§ Requirement
For this exercise, output the entries below exactly from the line that holds "Hotel transportation to" to the line that holds "Umbro CD Aguila", both ends included. No pictures belong in the copy.

§ The input

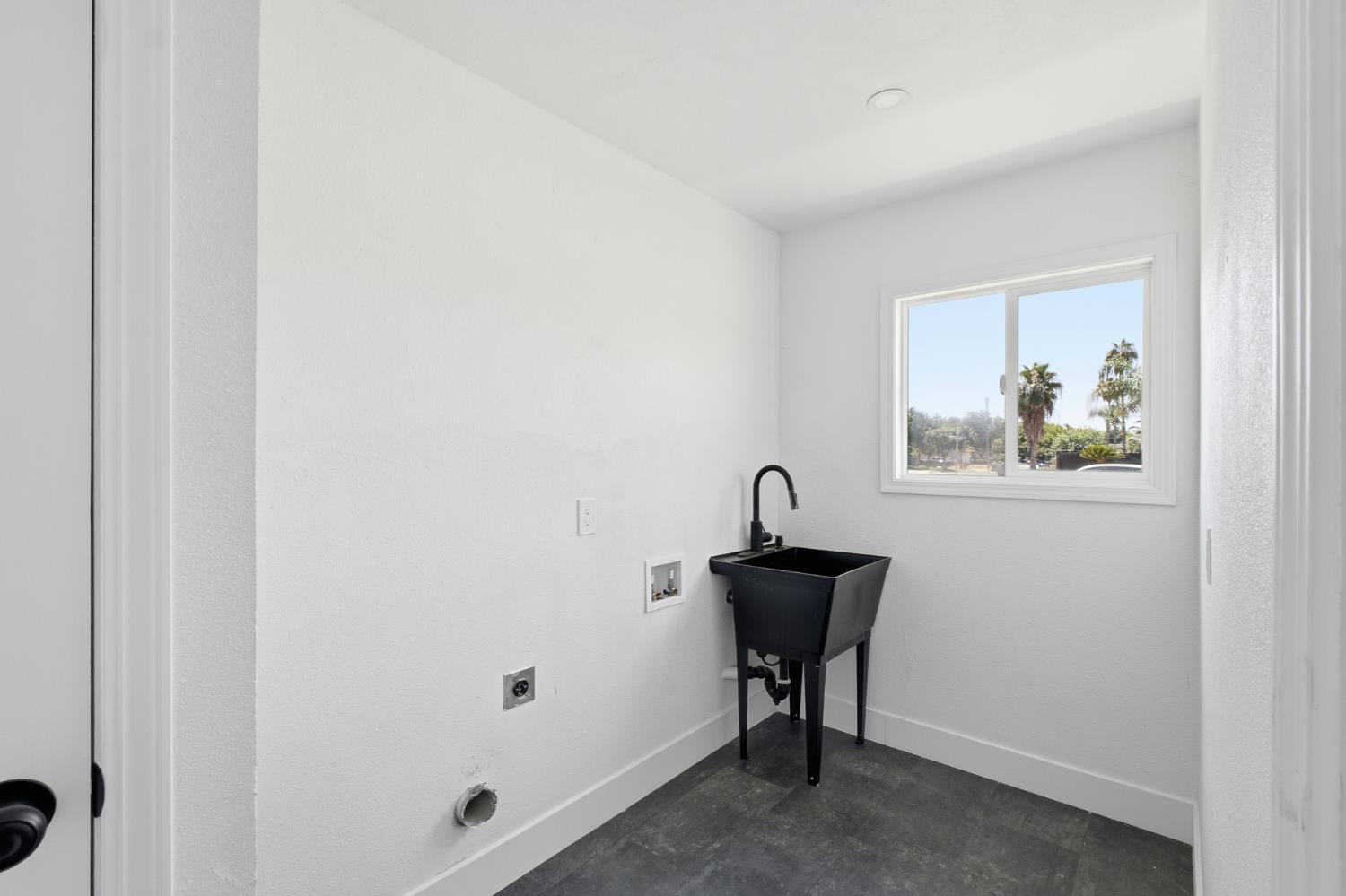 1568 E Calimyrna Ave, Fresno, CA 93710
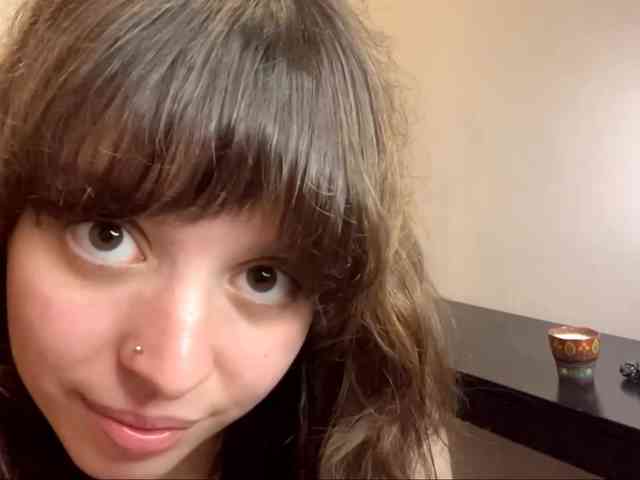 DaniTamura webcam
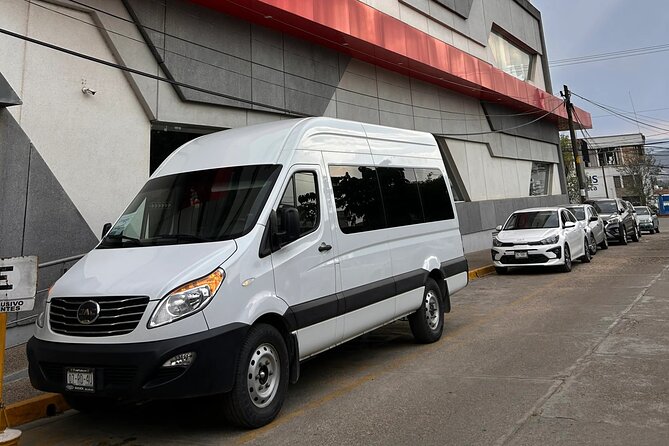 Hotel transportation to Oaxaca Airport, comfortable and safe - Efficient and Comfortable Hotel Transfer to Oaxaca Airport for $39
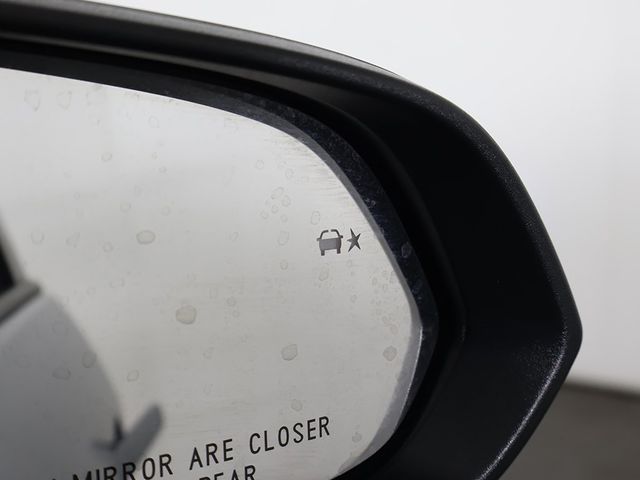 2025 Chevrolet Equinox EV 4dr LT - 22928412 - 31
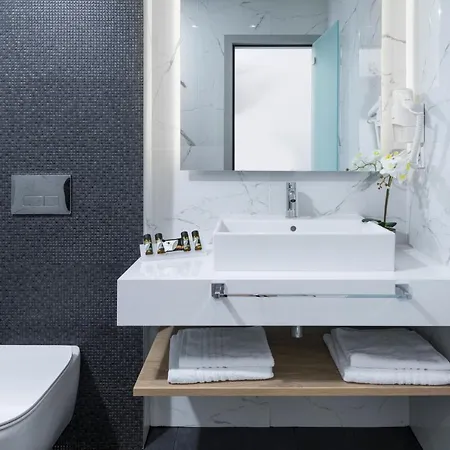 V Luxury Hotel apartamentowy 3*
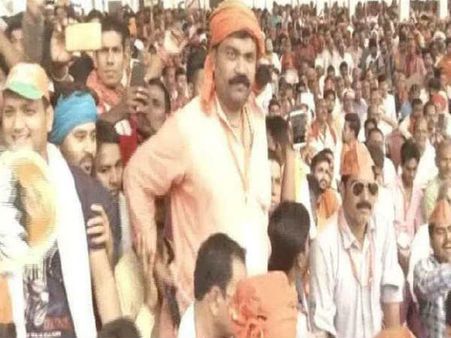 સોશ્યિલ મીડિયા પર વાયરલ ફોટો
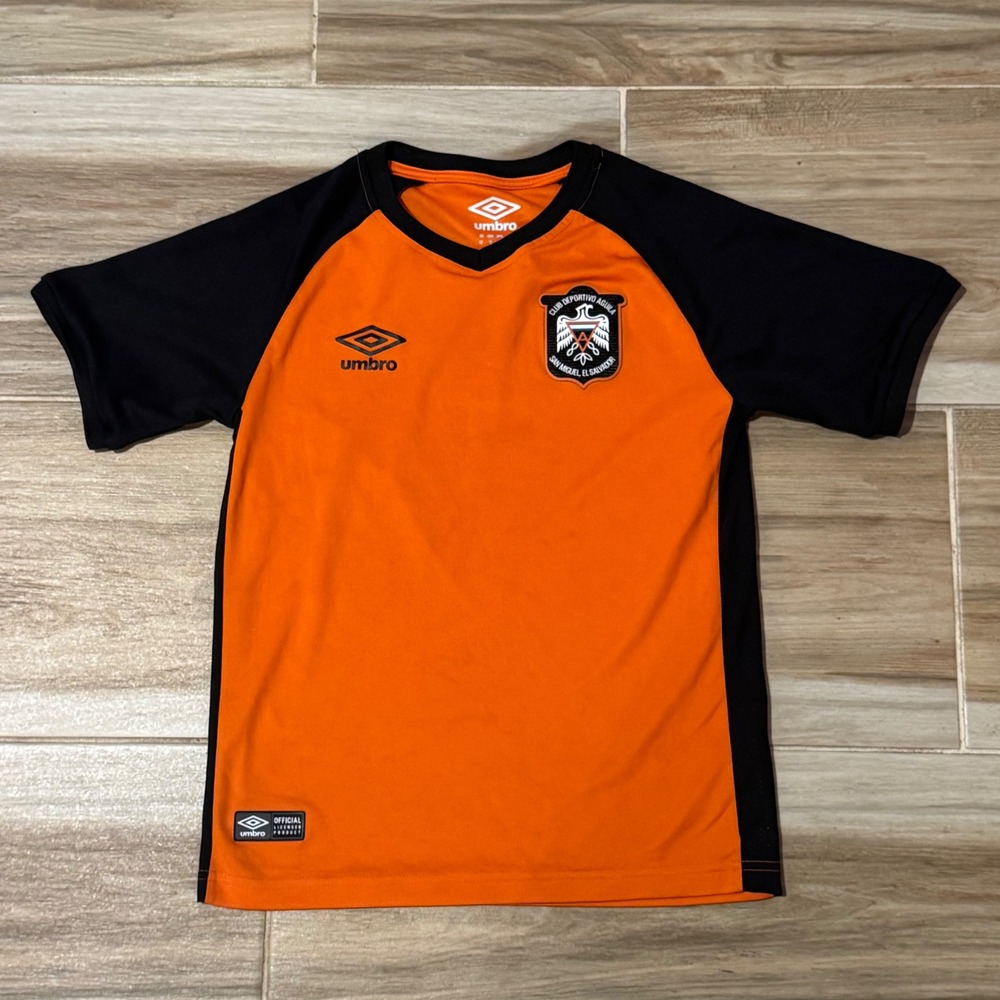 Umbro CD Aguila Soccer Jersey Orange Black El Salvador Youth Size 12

==

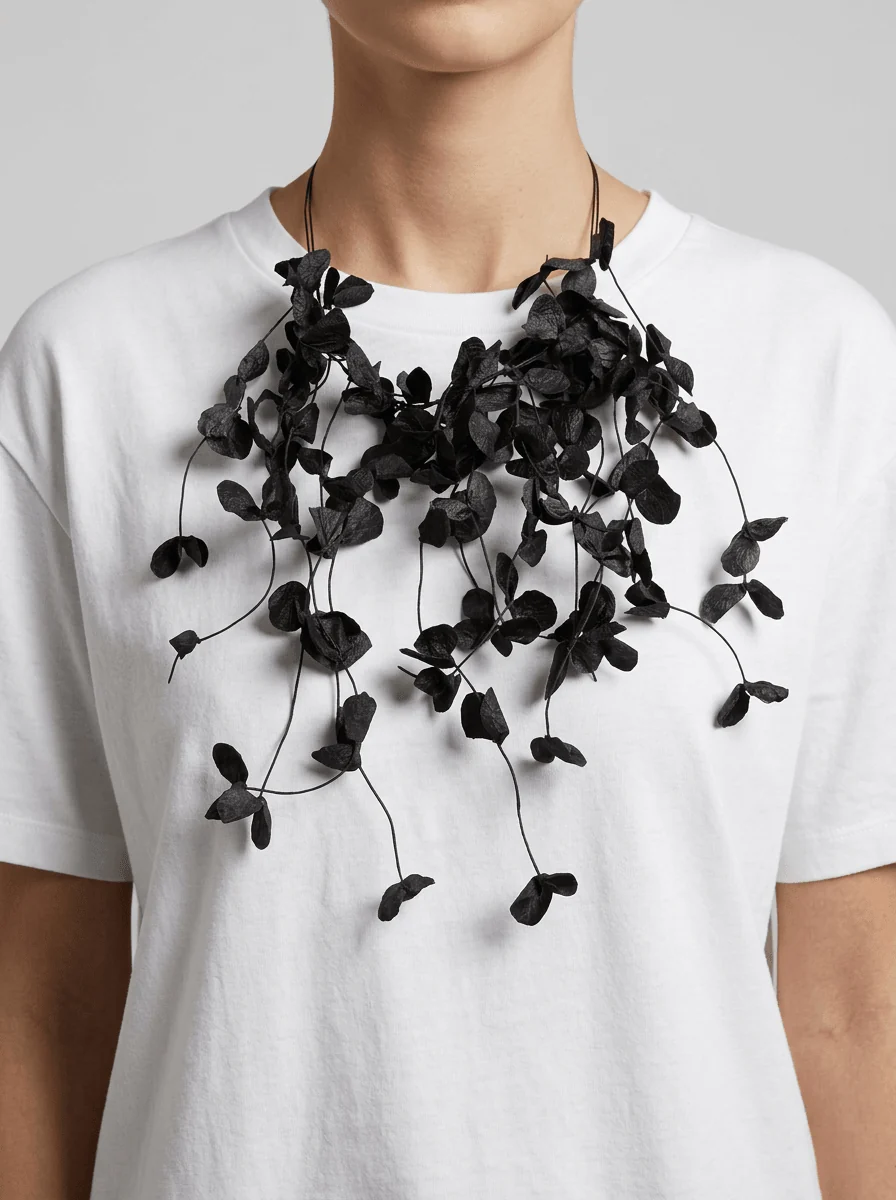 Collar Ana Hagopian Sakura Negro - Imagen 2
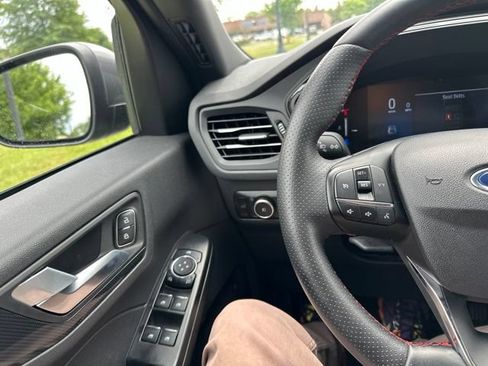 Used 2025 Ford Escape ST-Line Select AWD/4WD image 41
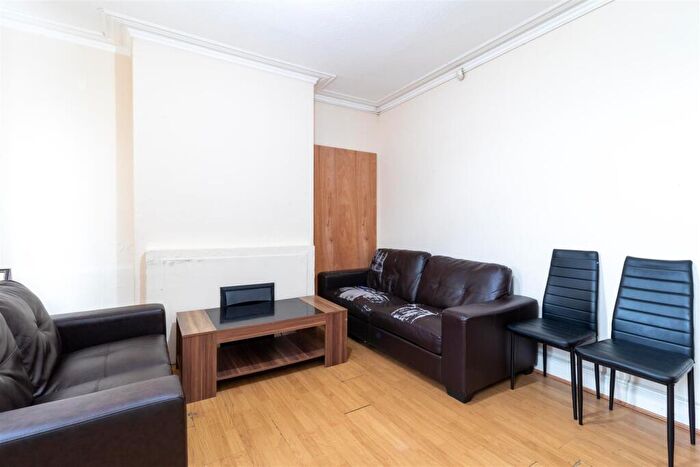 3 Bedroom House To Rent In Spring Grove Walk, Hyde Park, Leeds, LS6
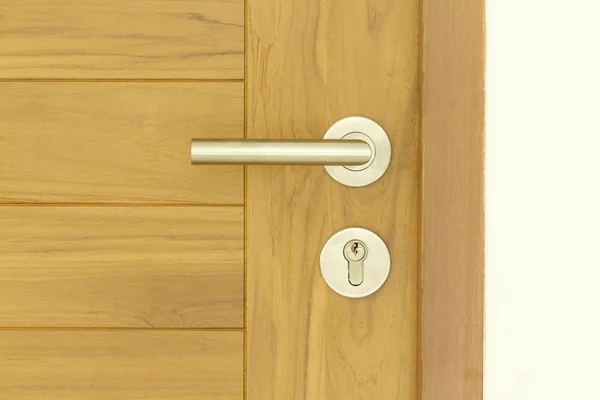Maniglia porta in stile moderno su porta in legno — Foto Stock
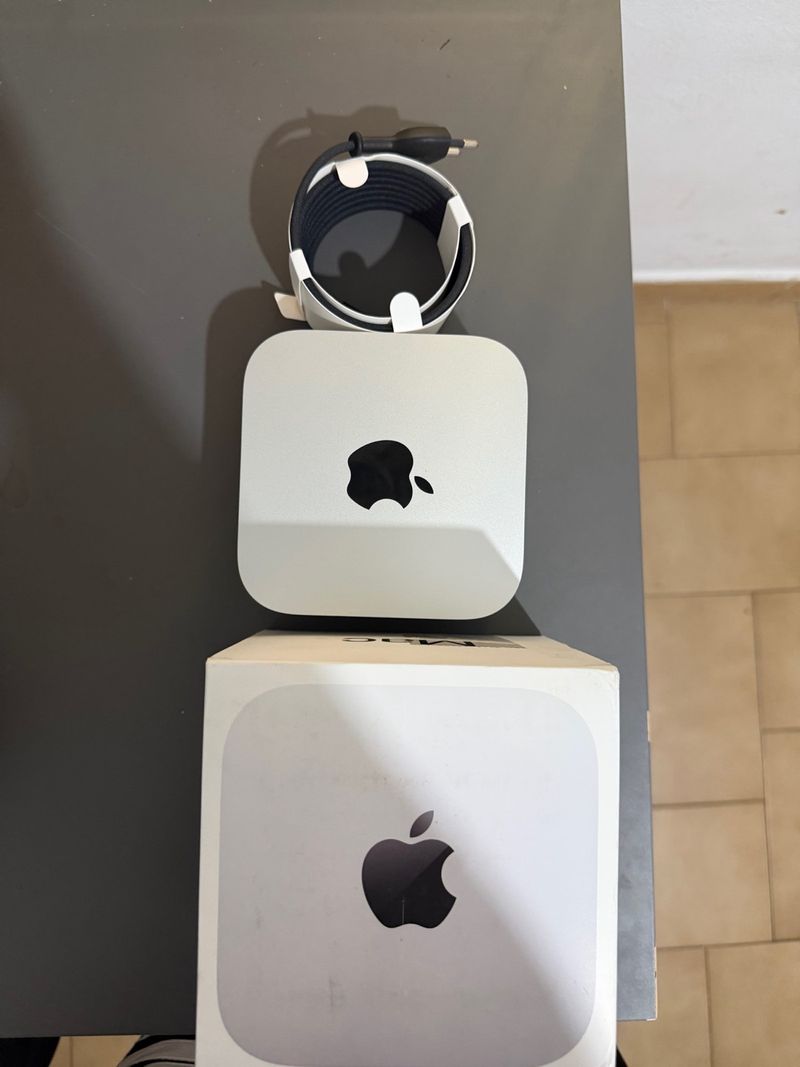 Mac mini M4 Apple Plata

§ Reply to the task
 Hotel transportation to Oaxaca Airport, comfortable and safe - Efficient and Comfortable Hotel Transfer to Oaxaca Airport for $39
 2025 Chevrolet Equinox EV 4dr LT - 22928412 - 31
 V Luxury Hotel apartamentowy 3*
 સોશ્યિલ મીડિયા પર વાયરલ ફોટો
 Umbro CD Aguila Soccer Jersey Orange Black El Salvador Youth Size 12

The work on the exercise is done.